***** Data for this exercise *****
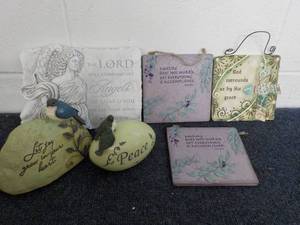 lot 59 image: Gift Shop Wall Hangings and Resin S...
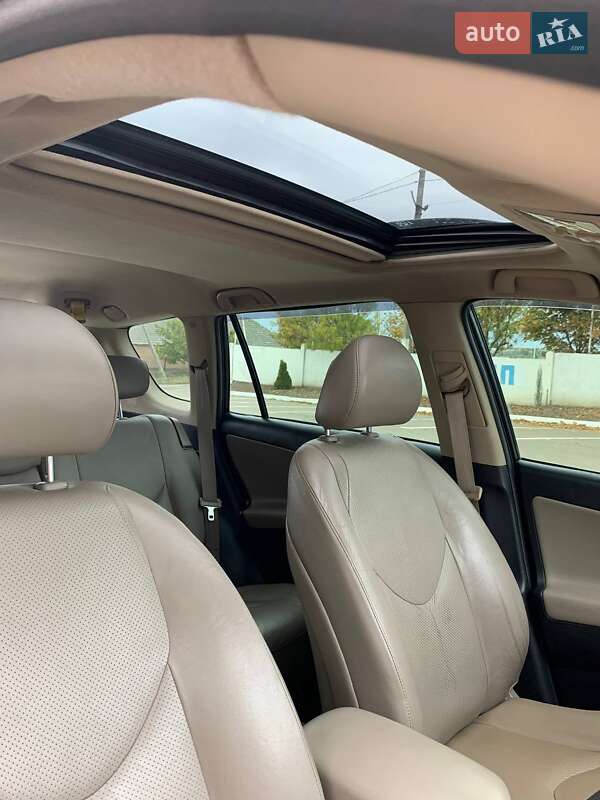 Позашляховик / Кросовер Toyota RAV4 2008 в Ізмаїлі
*****
***** Data for this exercise *****
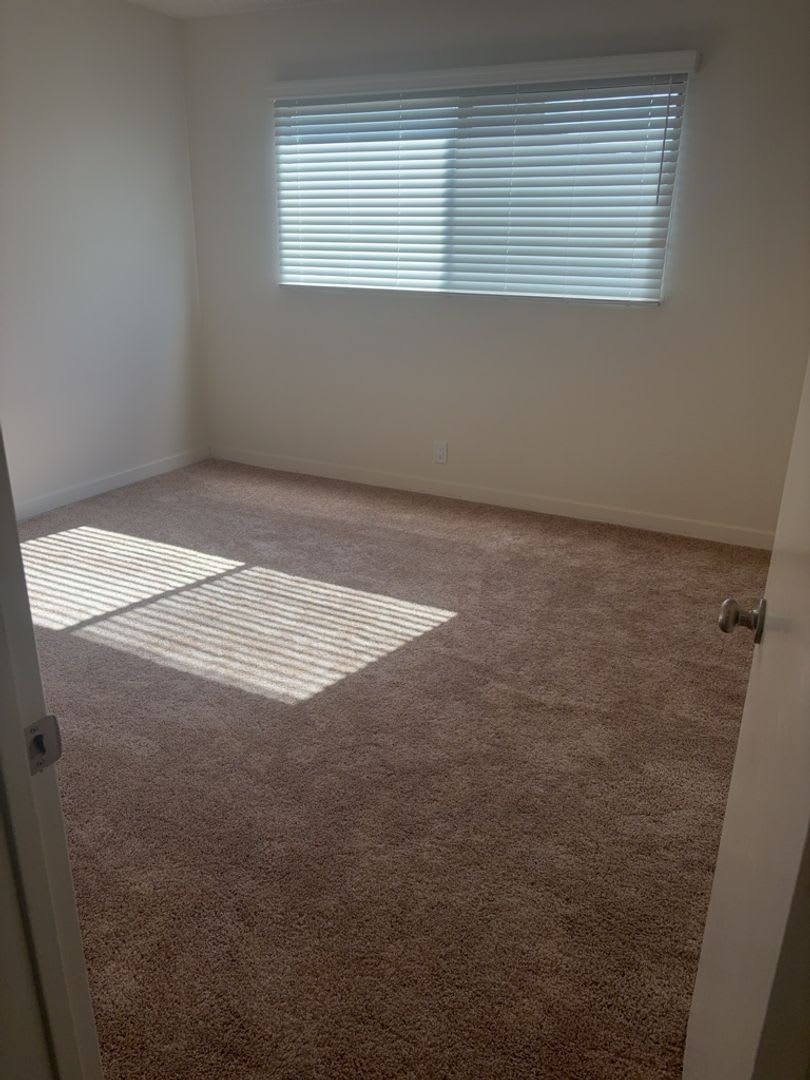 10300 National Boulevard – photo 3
*****
***** Data for this exercise *****
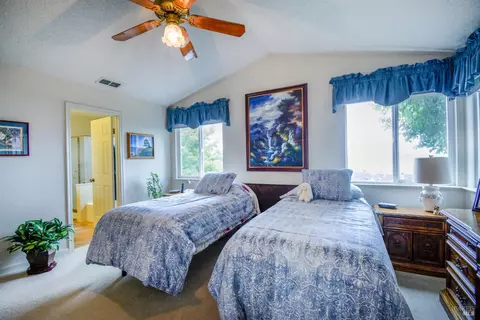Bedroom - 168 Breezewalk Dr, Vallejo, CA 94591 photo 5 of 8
*****
**Directions for this task**
What's needed is an exact copy of the lines above from the one with "lot 59 image: Gift" through the one with "Позашляховик / Кросовер", both included; the pictures stay out.

**Exercise output**
 lot 59 image: Gift Shop Wall Hangings and Resin S...
 Позашляховик / Кросовер Toyota RAV4 2008 в Ізмаїлі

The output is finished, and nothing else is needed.